Since I didn’t want to deal with compiler instrumentation and bitmap details just yet, I wrote the target so that would be “cooperative” in that it would use unique return codes to communicate when it performed different behaviors. This isn’t something we can count on in the general case, but we can use it to prove out the idea until we get proper coverage working.

This execution feedback means the fuzzer can add new inputs to our corpus, but but we still have the problem of scheduling which input to mutate. While we won’t keep multiple inputs that produce the same result, right now the execution feedback doesn’t have a sense of which input is best, just that every one we saved has different behavior.

Screenshot of MIMO
The fuzzer finds “new” behavior without knowing what is “best”

Astute readers might notice that the change-one-random-letter mutator will only get us one letter closer at a time, which means that if we go with the naive approach of picking a random input and mutating it, we actually will worsen our chances of getting closer to the right answer as we get closer to the answer. This is because as the number of inputs goes up, the chances of picking the input that is currently closest to the answer goes down.

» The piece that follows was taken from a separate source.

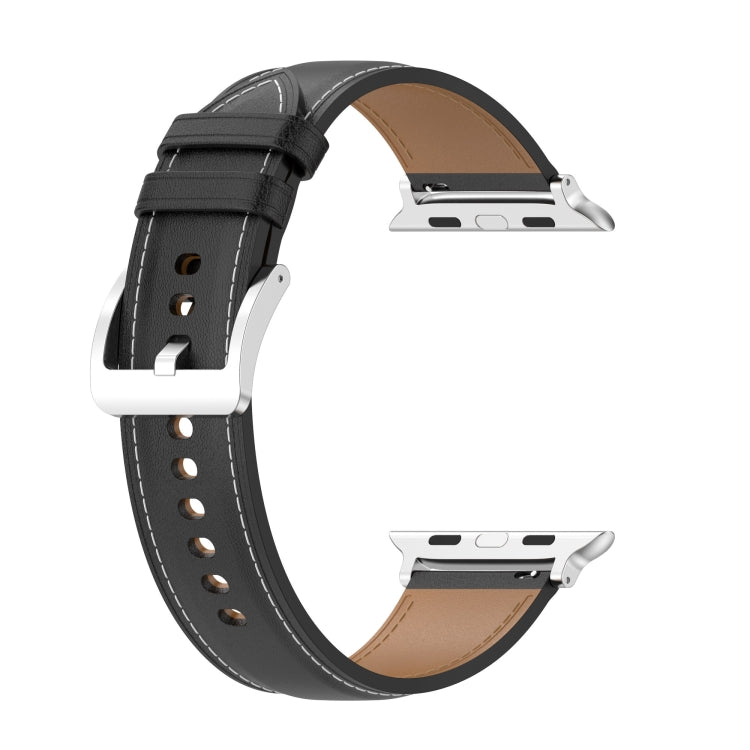 Top Layer Cowhide Sewing Watch Strap For Apple Watch Series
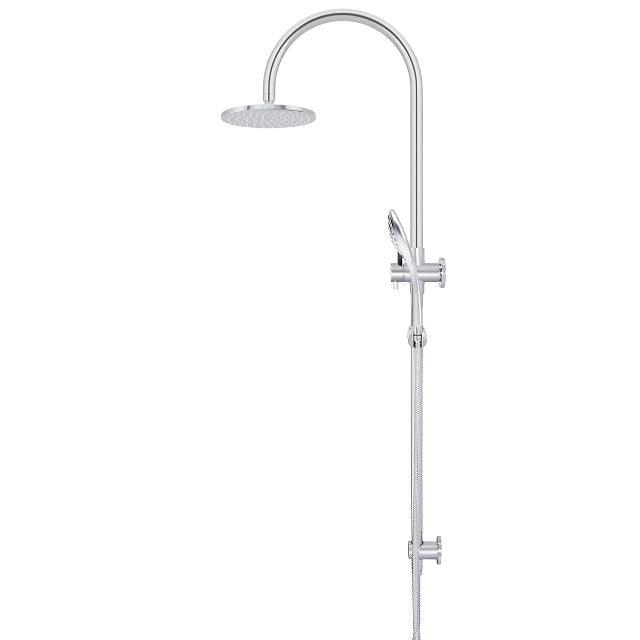 Meir Gooseneck Shower Set with 200mm Rose, Three-Function Hand Shower Chrome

Using round-robin as our scheduling algorithm is a great comparison because it is still general a general (but more equitable) approach and it performs much better. Round robin scheduling of inputs for mutation pops out the answer in as little as 5 seconds with a single core, as opposed to minutes if we use random scheduling. This is still a naive approach as it doesn’t try to track uniqueness, depth, or ancestry of inputs, but this kind of experimentation with scheduling is exactly what MIMO is built for!

Time to Start Monkeying Around

This gives us a decent stopping point for part 1. We have a fuzzer that is generalized but still fairly straightforward, and it works against toy targets using return codes as execution feedback. It’s not fast, and we’ve got a long way to go, but we can start building interesting things on top of it very easily. In the future we’ll talk about adding real coverage and making this a more viable fuzzer for real use, as well as performance improvements and trying out custom strategies.

As a closing note: if you think fuzzing is interesting, you should try to write your own fuzzer. It’s pretty fun, and I think there’s a big chasm between “I know how something works” and “I’ve written one”. Good luck out there, fellow fuzzers!